Indicateur pertinent pour les investisseurs, le classement doing business de la Banque mondiale a livré une bonne suprise pour le Maroc, qui y a gagné 7 place en intégrant le top 50 des économies mondiales. Des résultats que l’institution financière internationale a justigié par la «série de mesures et de réformes importantes liées à l’activité économique et entrepreneuriale marocaine». Le Royaume conserve son avance en Afrique du Nord et se classe au troisième rang des pays de la région MENA, derrière les Émirats arabes unis (16ème) et Bahreïn (43ème), devant l’Arabie saoudite (62ème) et Oman (62ème). La  Jordanie est 75ème, le Qatar 77ème, la Tunisie 78ème, le Koweït 83ème, l’Egypte 114ème. Au niveau africain, le rapport a souligné que le Maroc maintenait sa troisième position derrière les îles Maurice, qui se classaient au 13ème rang mondial, le Rwanda au 38ème rang, et devant le Kenya 56ème, l’Afrique du Sud 84ème, le Sénégal 123ème, le Nigeria 131ème.

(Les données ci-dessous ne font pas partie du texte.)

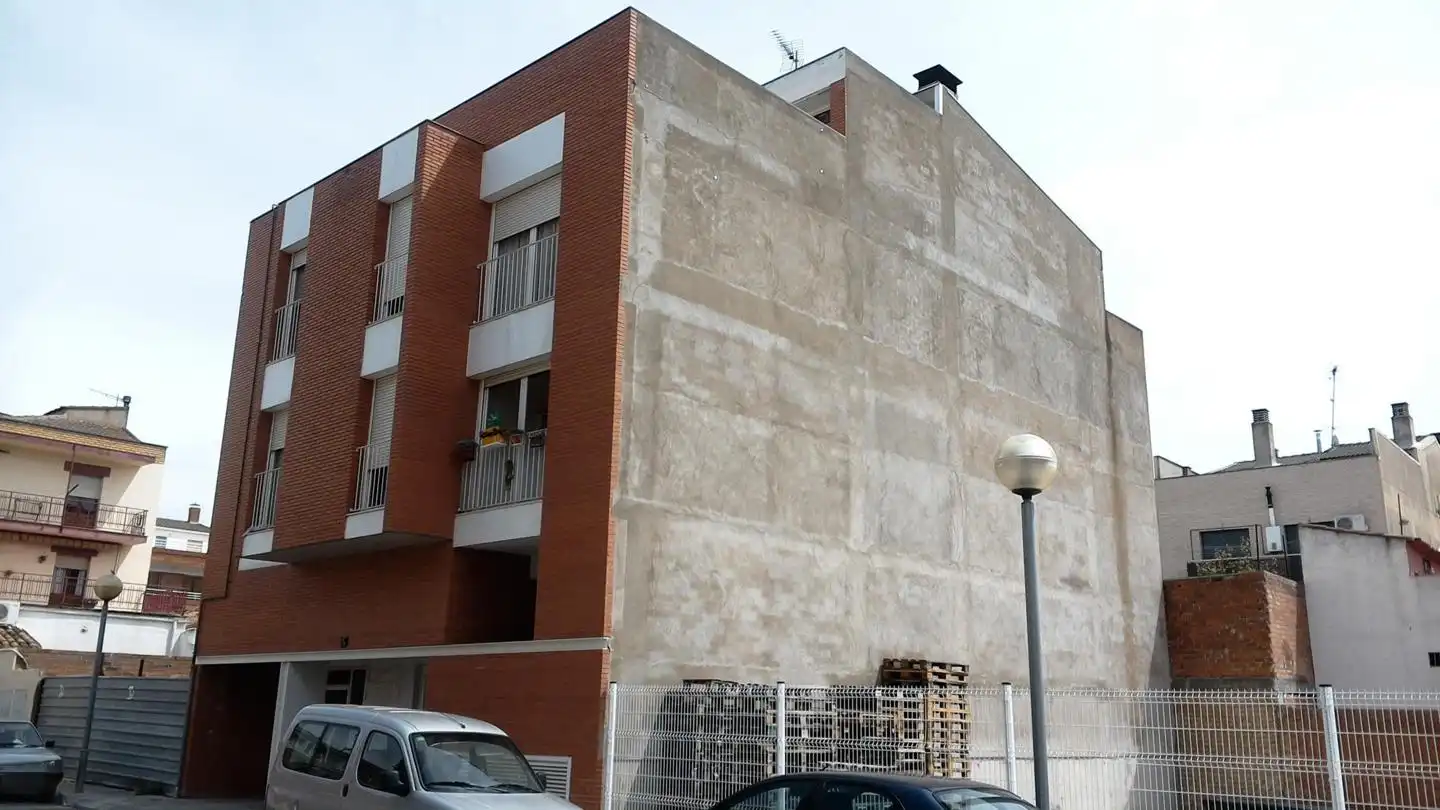 Aparcament en venda a Carrer Serra Llarga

Le tournant protectionniste 

Alors que la prise de conscience a été prise quant au niveau des organes de décision quant au côté nocif de certains accords de libre-échange, le ministre de l’Industrie et du Commerce, Moulay Hafid Elalamy, a décidé de prendre ce dosser au sérieux à partir de novembre 2019. Ainsi, face à l’agressivité commerciale, il s’agira donc de procéder à une révision globale des accords de libre-échange conclus et prospecter les meilleures voies possibles à même de favoriser un rééquilibrage des relations commerciales avec les partenaires, de renforcer le dispositif de défense commerciale dans le but de lutter vigoureusement contre la concurrence étrangère déloyale, notamment à travers un contrôle davantage strict à la frontière (fraude, contrebande, sous-facturation…) de «sorte à préserver l’intégrité du marché intérieur et favoriser son développement harmonieux», de l’explorer l’opportunité de recourir à une nouvelle doctrine en matière de conclusion des accords de libre-échange, en privilégiant plus les groupements régionaux que l’approche bilatérale et en ciblant en priorité les pays du Sud pour se prémunir contre les chocs concurrentiels asymétriques.

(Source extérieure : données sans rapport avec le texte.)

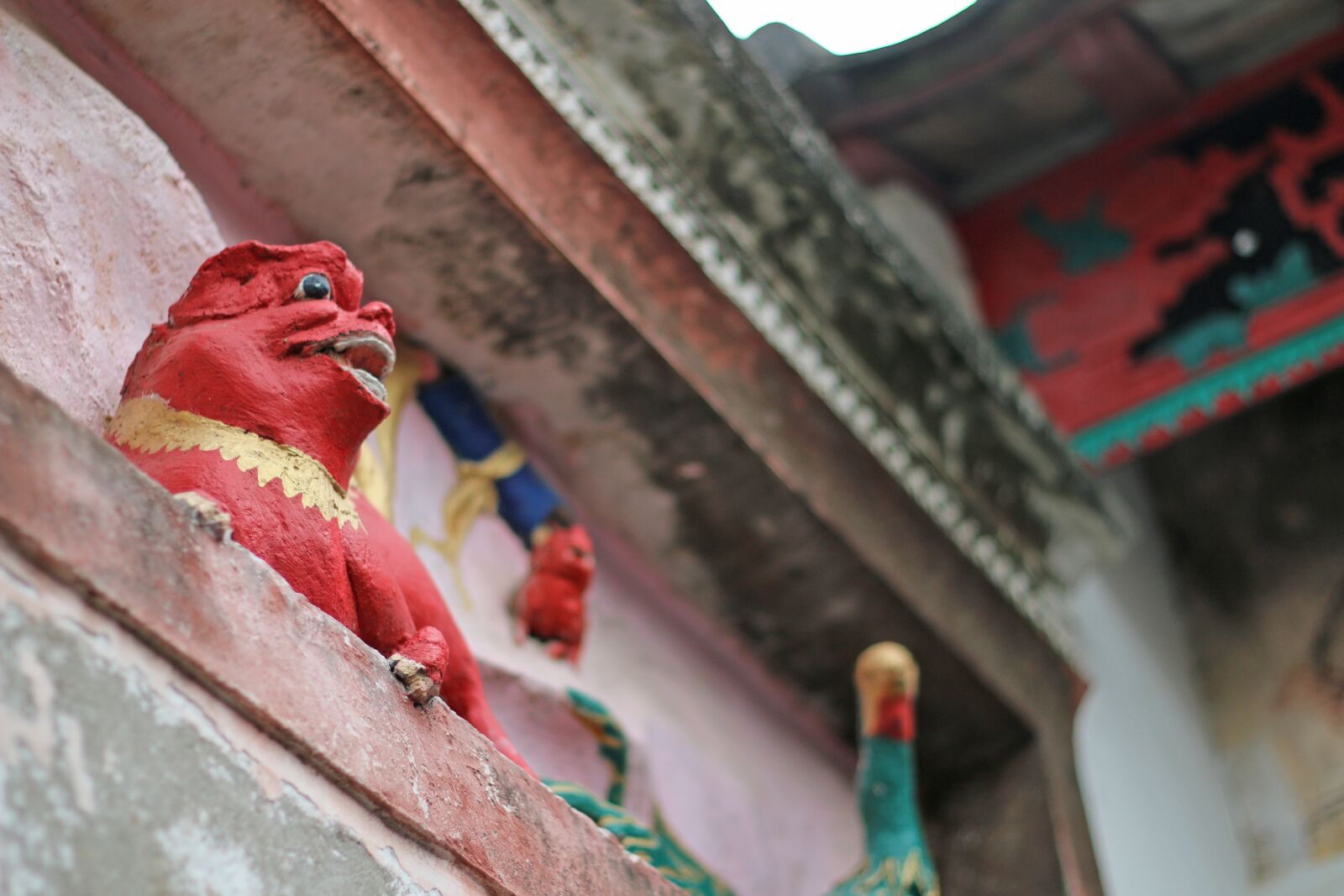 Canon EOS 70D + Canon EF 50mm F1.8 STM sample photo. Beast, wall, china photography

Les biens de l’Etat inattaquable ? L’article de la discorde

Lors de la présentation du projet de loi de Finance 2020, une disposition a spécialement attiré l’ire des professionnels de la Justice, à savoir l’article 9. Ce dernier édicte que les créanciers de l’Etat porteurs de titres ou de jugements exécutoires à l’encontre de l’Etat ne peuvent se pourvoir en paiement que devant les services ordonnateurs de l’administration publique concernée». Ces derniers sont certes tenus d’inscrire les crédits nécessaires pour l’exécution des jugements, mais «dans la limite des possibilités de budget». Si la dépense est imputée sur des crédits qui se révèlent insuffisants, l’exécution des jugements est faite dès lors, par voie d’ordonnancement de la somme concernée, à hauteur de crédits budgétaires disponible. Un texte que l’association des anciens batonniers a considéré comme «un discrédit pour le pouvoir judiciaire», et n’a pas hésité à mobiliser ses troupes. La CGEM également, première concernée, n’a pas hésité à parler d’un «pas en arrière». Le texte a été finalement amendé, avec la garantie pour les créanciers détenteurs de jugements définitifs en faveur d’une saisie des biens de l’Etat le droit de se faire payer dans un délai maximum de 4 ans.

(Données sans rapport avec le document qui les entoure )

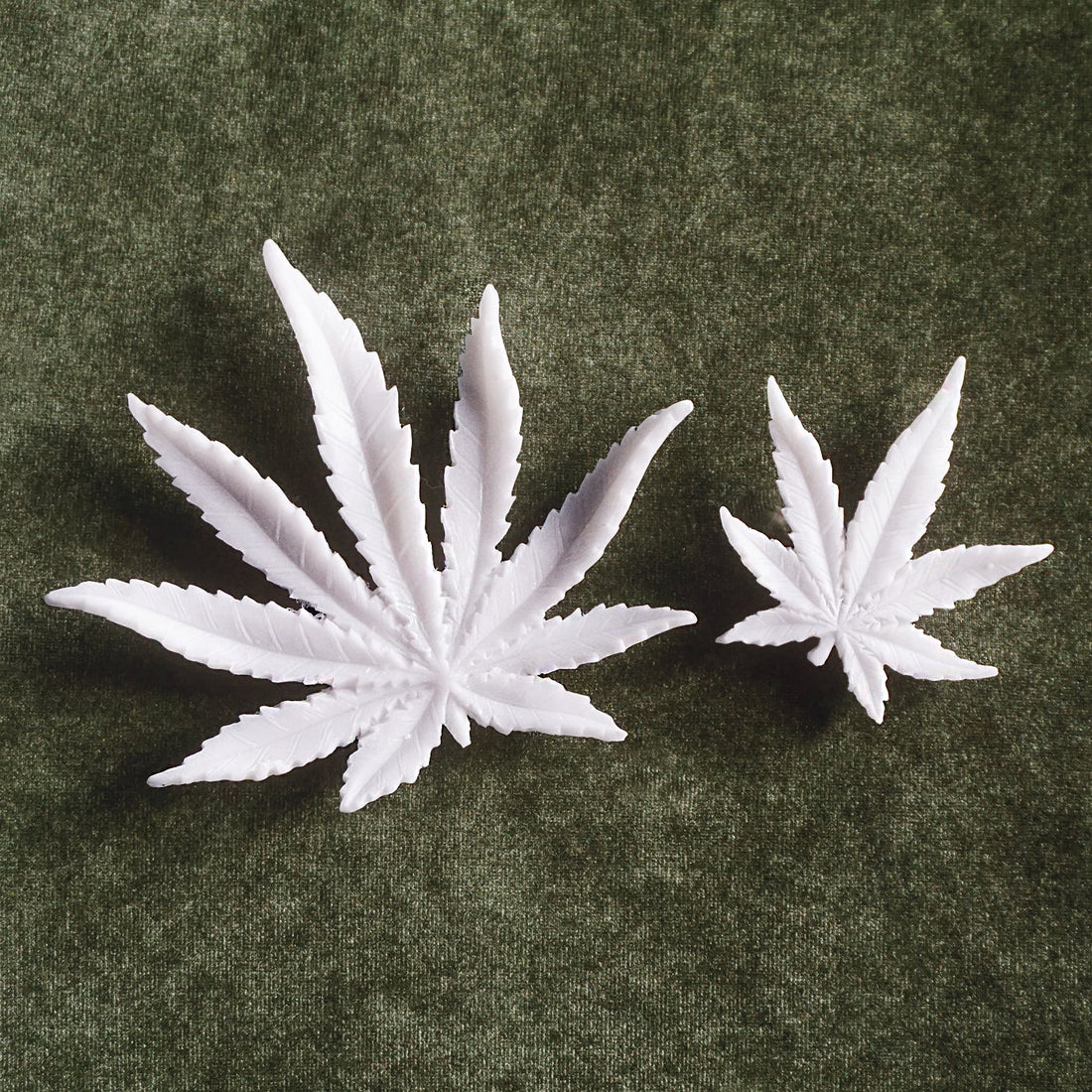 Cannabis Leaf Wall Play™ Off-White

Anti-inflationniste dur, le gouverneur de la Banque centrale refuse d’injecter de l’argent dans l’économie.

Un emprunt à l’international forcé ? 

Alors que Bank Al Maghrib refuse de mettre de l’argent dans l’économie et que les banques marocaine sont en crise de liquidité, l’Etat a choisi d’opérer une sortie vers les marchés financiers afin d’obtenir un emprunt obligataire. L’Etat a émis le 21 novembre 2019, cet emprunt pour un montant de 1 milliard d’euros, assorti d’une maturité de 12 ans. «Outre le rendement qui constitue le niveau le plus bas jamais obtenu par le Maroc sur le marché international, cette émission a bénéficié du carnet d’ordre le plus important par sa taille pour une transaction en euro du Maroc: il a dépassé 5,3 milliards d’euros au cours de la transaction avec plus de 285 investisseurs impliqués. Ce succès confirme la confiance dont jouit le Maroc auprès des grandes institutions financières internationales et des agences de notation», a indiqué le département de l’Economie et des Finances après son roadshow dans les capitales financières mondiales. Cette opération marque néanmoins la fin de la tendance baissière de la charge de la dette sur les finances publiques…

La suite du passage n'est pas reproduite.